Cuando hablamos de femenino y masculino, el concepto se refiere a la asignación  social diferenciada de responsabilidades y roles.  Esta asignación depende de la cultura, hábitos y estereotipos sociales que definen funciones y tareas de acuerdo al sexo. Implícita, y a veces explícitamente, en el marco de la cultura aun vigente, el hombre es el proveedor del hogar y por ende se lo asocia al mundo del trabajo productivo, en el espacio público; por el contrario, la mujer es la encargada de las tareas del hogar, del trabajo reproductivo, la educación y protección de los hijos, quedando relegada al espacio privado. El universo binario de conductas esperadas conjuga un modelo convencional predominante concebido como forma de organización natural antes que como producto de la acción social.

Lo importante a visibilizar en la perspectiva de género es que la relación de poder es fundante. La constitución de la identidad femenina como dominada y la masculina como dominante se produce en términos de la dinámica de poder, un poder constructor de subjetividades, que implica también la violencia, tanto material como simbólica. Esta última forma de violencia representa el mecanismo fundamental de reproducción social del orden, por medio de la inscripción de lo social en las cosas y en el cuerpo, y la consecuente aceptación tácita de la realidad. En este sentido la dominación masculina constituye la forma paradigmática de violencia simbólica, que ya no funciona en el marco de la voluntad, sino en los hábitos.

La concepción de la maternidad como natural es en este sentido una de las representaciones sociales más eficaces y duraderas de la historia. Me refiero a la noción de maternidad como la identidad femenina valorada socialmente y una sujeción de la mujer al rol reproductivo. Desde esta perspectiva la facultad de rechazar la maternidad es un acto de emancipación que erosiona y quiebra la identidad conformada por las relaciones de género dominantes.

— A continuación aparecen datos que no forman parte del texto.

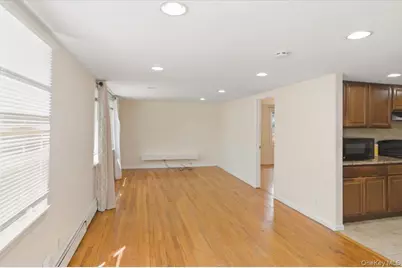 20 Cambridge Avenue, Melville, NY 11747 - Photo 4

Y aquí es donde entra la problemática social del aborto. La concepción de la maternidad / paternidad, funciona como un dispositivo de poder sobre los cuerpos que opera a través de restricciones y prohibiciones. En cuanto a la decisión de las mujeres de practicarse un aborto, tiene gran influencia en ella la palabra del hombre. Esto plantea un conflicto social de interpretaciones y libertades aún no resuelto, ya que si bien la mujer es la dueña de su cuerpo y así se reconoce, el hombre considera, y además es considerado, con el mismo derecho a decidir.

Es básico el hecho de que la discriminación contra la figura de la mujer es contradictoria a los Derechos Humanos y el respeto hacia la dignidad humana, y por ello genera dificultades para la inscripción de la mujer en diversos ámbitos de la dimensión política, social, económica y cultural de la sociedad. En la actualidad el simple cumplimiento real de los derechos nombrados, así como la extensión del derecho a la información y las instancias de diálogo facilitarían la existencia de las mujeres no solo como ciudadanas, sino como madres y trabajadoras.

Es fundamental considerar que el aborto existe como hecho social y se manifiesta de forma tal que quiebra toda frontera entre clases sociales, aunque siempre quienes corren riesgos son las mujeres de bajos recursos. Debe comprenderse la situación actual teniendo en cuenta que la legalización del aborto no generaría un incremento en la cantidad de abortos realizados, sino que permitiría la realización segura de la práctica. En este sentido la penalización del aborto constituye un hecho de violencia simbólica y estructural sobre la mujer. Disputar esa forma de exclusión silenciada por las instituciones y conquistar un derecho juzgado por gran parte de la sociedad por efecto de  imaginarios sociales conservadores y religiosos, así como intereses creados a su alrededor, significa no sólo luchar por la emancipación de la mujer, sino además aproximarnos a la sociedad democrática e inclusiva que aspiramos ser.